Our function to remove padding is similar:

def unpad_data(data):
   if not data: 
       return data

   data = data.rstrip('\x00')
   if data[-1] == '\x80':
       return data[:-1]
   else:
       return data

Encryption with a block cipher requires selecting a block mode. By far the most common mode used is cipher block chaining or CBC mode. Other modes include counter (CTR), cipher feedback (CFB), and the extremely insecure electronic codebook (ECB). CBC mode is the standard and is well-vetted, so I will stick to that in this tutorial. Cipher block chaining works by XORing the previous block of ciphertext with the current block. You might recognise that the first block has nothing to be XOR’d with; enter the initialisation vector. This comprises a number of randomly-generated bytes of data the same size as the cipher’s block size. This initialisation vector should random enough that it cannot be recovered.

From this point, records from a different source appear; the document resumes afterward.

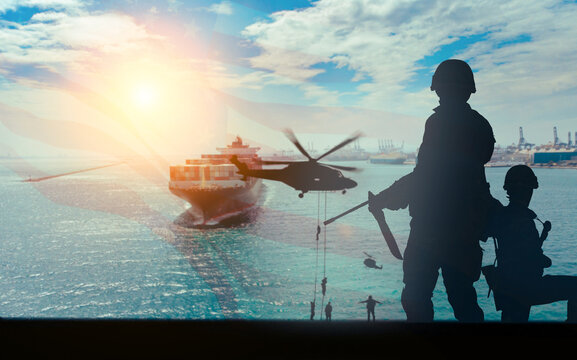 Dramatic composite image of armed military soldiers in silhouette and a helicopter with rappelling troops guarding a large cargo container ship at sea. 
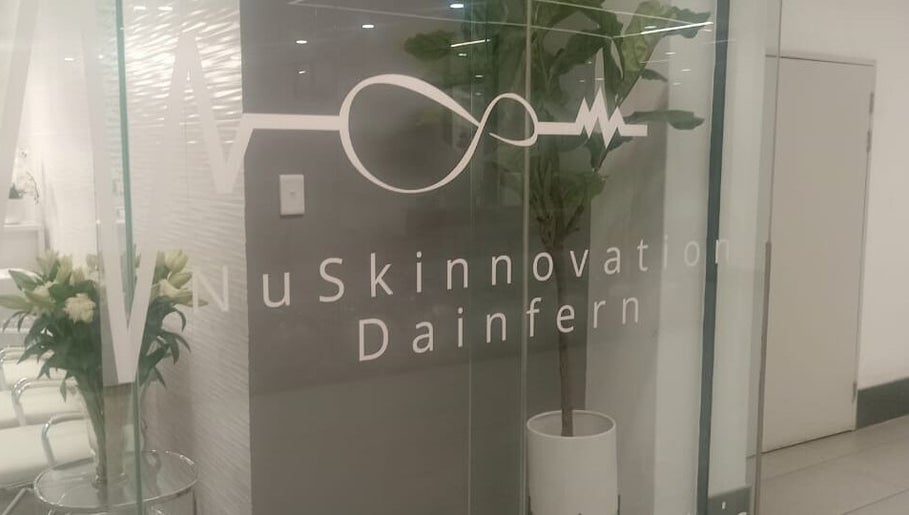 Elegant entrance of NuSkinnovation Dainfern Pty Ltd in Sandton, Gauteng, ZA with modern glass doors.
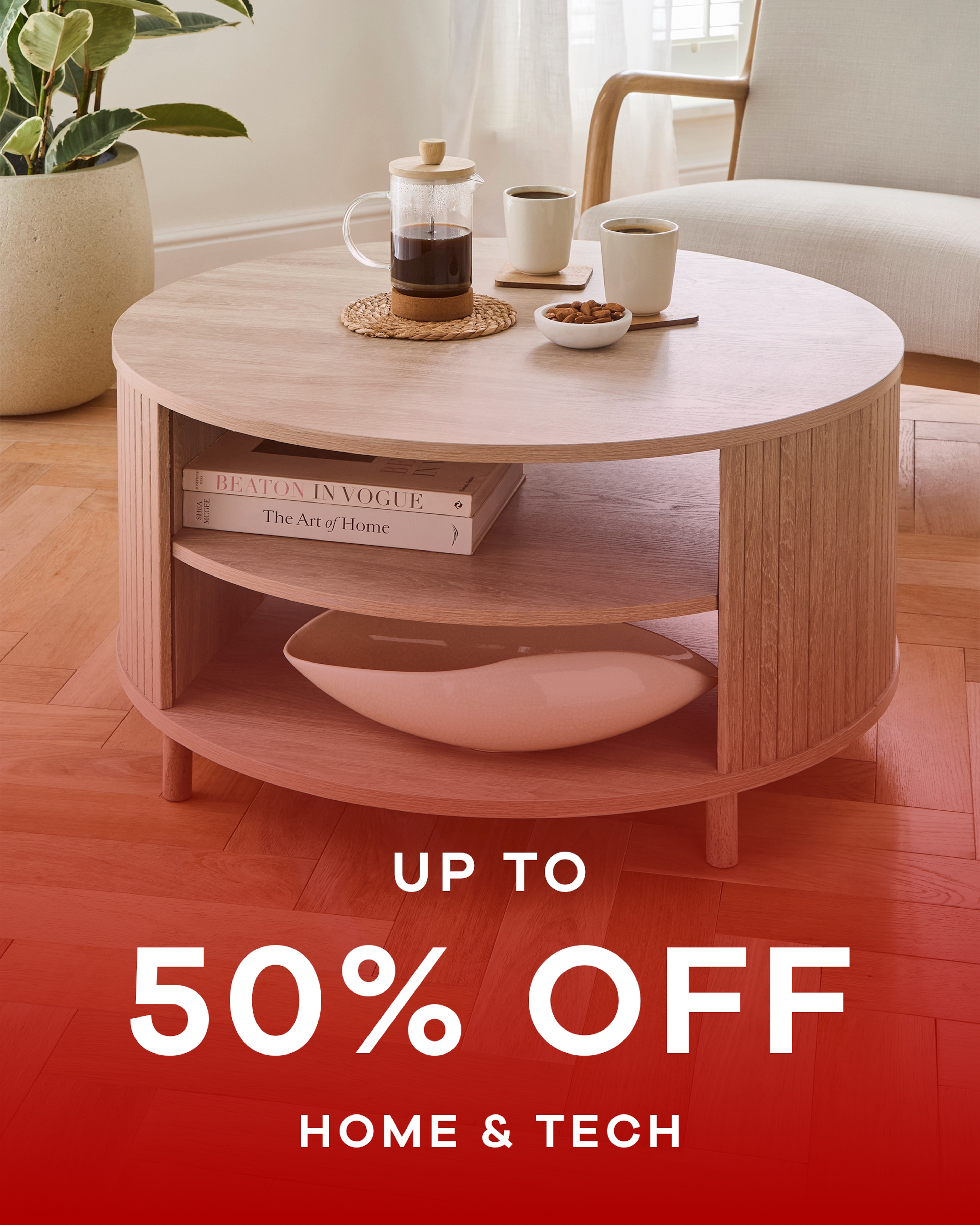 A round coffee table with a cafetière and two mugs in a room. Up to 50% off home & tech.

One of the most critical components to encryption is properly generating random data. Fortunately, most of this is handled by the PyCrypto library’s Crypto.Random.OSRNG module. You should know that the more entropy sources that are available (such as network traffic and disk activity), the faster the system can generate cryptographically-secure random data. I’ve written a function that can generate a nonce suitable for use as an initialisation vector. This will work on a UNIX machine; the comments note how easy it is to adapt it to a Windows machine. This function requires a version of PyCrypto at least 2.1.0 or higher.

import Crypto.Random.OSRNG.posix as RNG

def generate_nonce():
   """Generate a random number used once."""
   return RNG.new().read(AES.block_size)

I will note here that the python random module is completely unsuitable for cryptography (as it is completely deterministic). You shouldn’t use it for cryptographic code.

Symmetric ciphers are so-named because the key is shared across any entities. There are three key sizes for AES: 128-bit, 192-bit, and 256-bit, aka 16-byte, 24-byte, and 32-byte key sizes. Instead, we just need to generate 32 random bytes (and make sure we keep track of it) and use that as the key:

KEYSIZE = 32


def generate_key():
   return RNG.new().read(KEY_SIZE)

We can use this key to encrypt and decrypt data. To encrypt, we need the initialisation vector (i.e. a nonce), the key, and the data. However, the IV isn’t a secret. When we encrypt, we’ll prepend the IV to our encrypted data and make that part of the output. We can (and should) generate a completely random IV for each new message.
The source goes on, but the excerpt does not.